Let's review what we already knew, and that I reported on this blog: In October, ABC News reported that despite President Bush's promises that the National Security Administration's warrantless wiretapping program was aimed only at terrorists, the NSA frequently listened to and transcribed the private phone calls of Americans abroad. The network's report was based on whistleblower interviews with two former military intercept operators. One of the whistleblowers, former Navy Arab linguist David Murfee Faulk, told ABC News that he and his co-workers listened in on "hundreds of Americans" over the years.

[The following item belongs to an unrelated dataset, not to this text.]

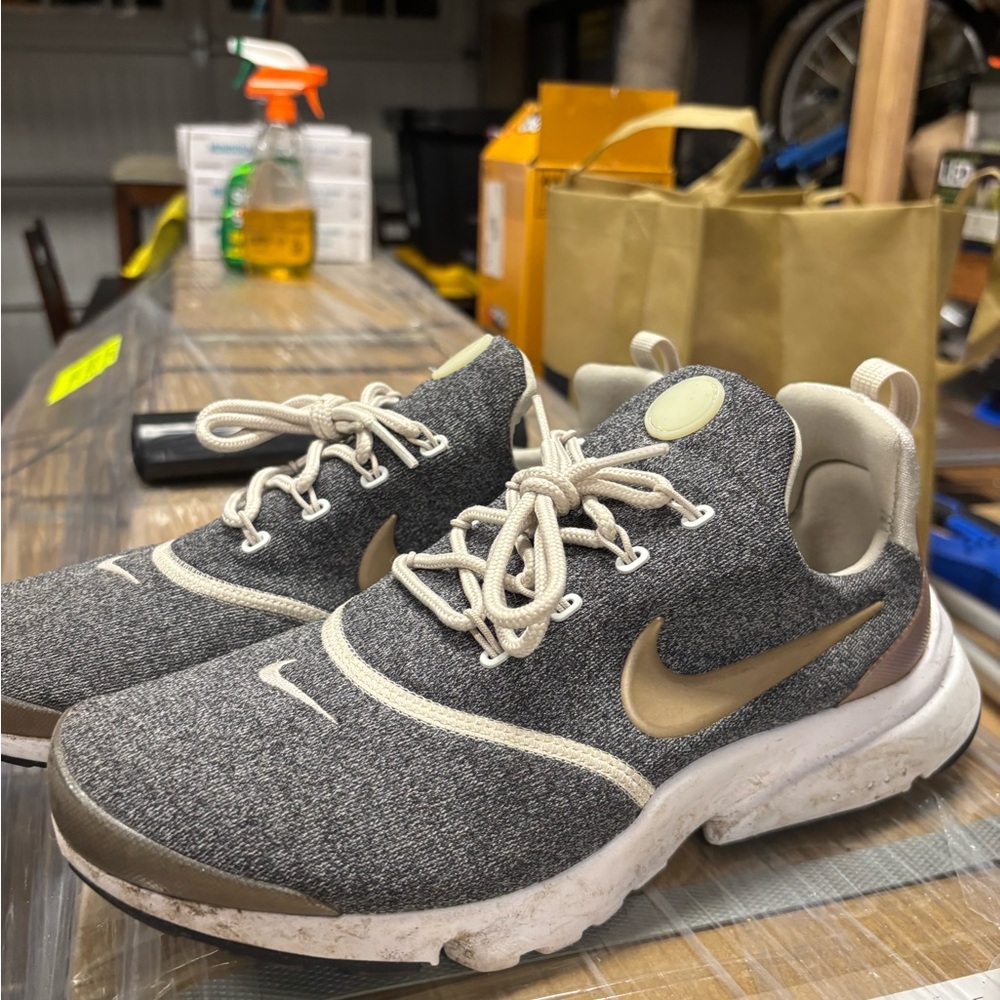 Grey and white Nike Prelude trainers #sneakers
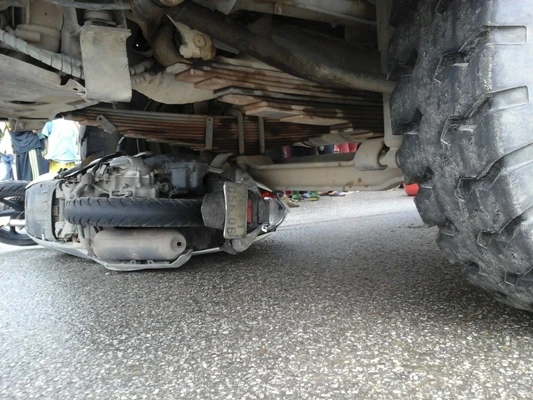 Kinh hoàng chứng kiến người phụ nữ bị cuốn vào gầm xe tải ảnh 1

But it wasn't just ordinary Americans. In a new report released two days ago, Faulk told ABC that during his time working for the government, "U.S. intelligence snooped on the private lives of two of America's most important allies in fighting al Qaeda: British Prime Minister Tony Blair and Iraq's first interim president, Ghazi al-Yawer." "Faulk told ABCNews.com he saw and read a file on Blair's "private life" and heard "pillow talk" phone calls of al-Yawer.
Though "collecting information on foreign leaders is a legal and common practice of intelligence agencies around the world," former intelligence officials told ABC News that the U.S. and Britain have a long-standing agreement "not to collect on each other." "If it is true that we maintained a file on Blair, it would represent a huge breach of the agreement we have with the Brits," said one former CIA official.So before I wish everyone a happy thanksgiving, let's look at a couple key passages from the ABC report:
The NSA declined to comment on the specifics of Faulk's allegations involving al-Yawer and Blair. In a statement, a spokesman said the agency follows all laws.
The Inspector General for the NSA is reported to be conducting an investigation into the allegations by Faulk and another former military intercept operator, Adrienne Kinne, about listening to calls between American citizens.
The Senate Intelligence and Judiciary Committees also are investigating the allegations about calls involving American citizens.
So I guess we should all feel better now that we know the NSA says they "follow all laws." Sure they do...
Happy Thanksgiving! And of course, don't say anything "threatening" to our government in your phone conversations over the holidays because someone might be listening.